■ Data for review
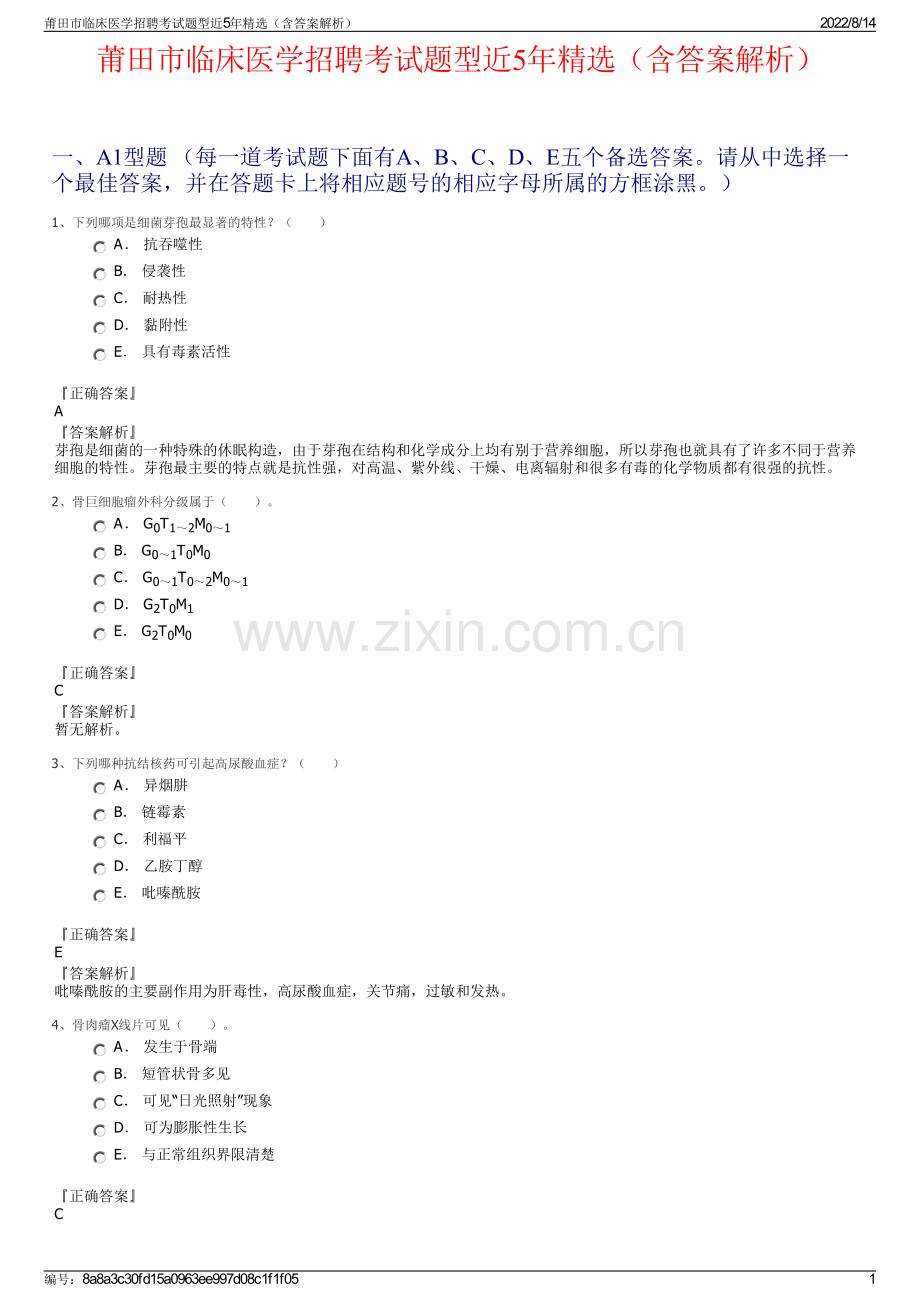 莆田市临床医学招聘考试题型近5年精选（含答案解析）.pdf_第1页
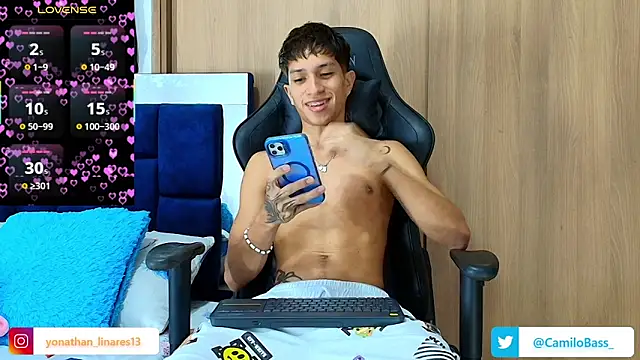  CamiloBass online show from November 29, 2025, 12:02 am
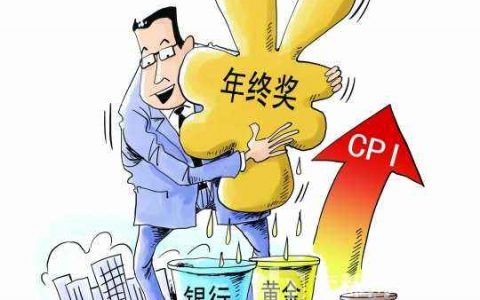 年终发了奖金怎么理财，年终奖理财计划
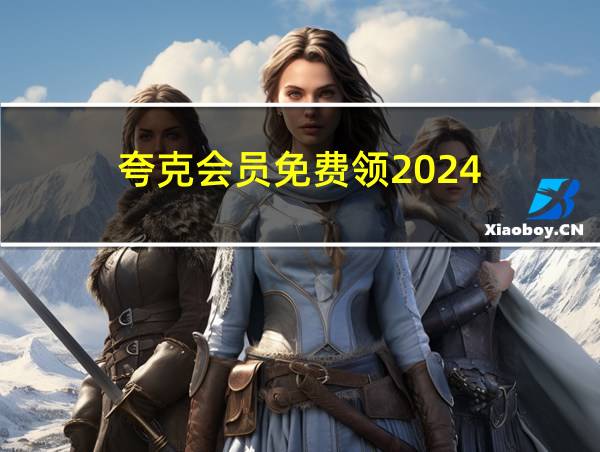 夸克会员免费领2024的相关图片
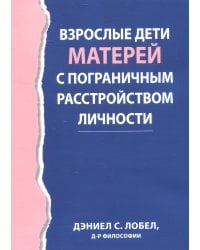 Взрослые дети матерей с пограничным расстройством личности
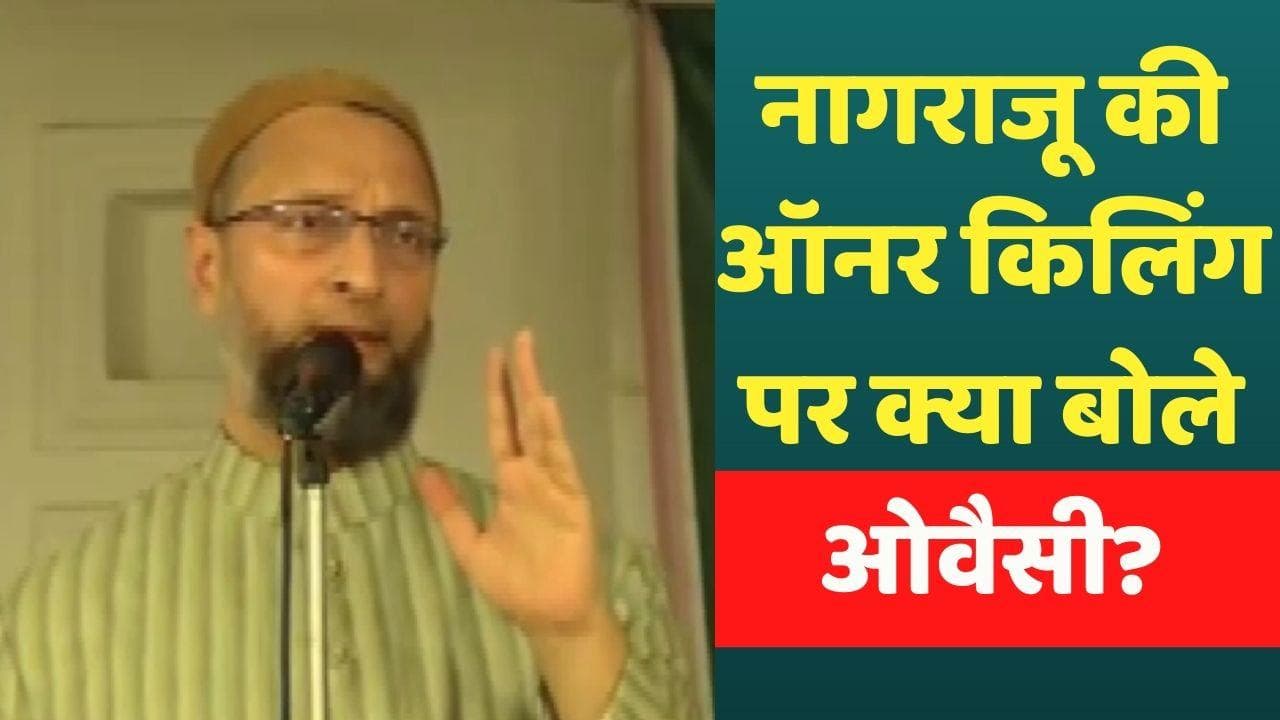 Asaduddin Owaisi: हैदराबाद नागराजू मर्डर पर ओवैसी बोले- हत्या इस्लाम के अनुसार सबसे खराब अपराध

■ Exercise details
The expected result is every record above, word for word, with no pictures in it.

■ Exercise solution
 莆田市临床医学招聘考试题型近5年精选（含答案解析）.pdf_第1页
  CamiloBass online show from November 29, 2025, 12:02 am
 年终发了奖金怎么理财，年终奖理财计划
 夸克会员免费领2024的相关图片
 Взрослые дети матерей с пограничным расстройством личности
 Asaduddin Owaisi: हैदराबाद नागराजू मर्डर पर ओवैसी बोले- हत्या इस्लाम के अनुसार सबसे खराब अपराध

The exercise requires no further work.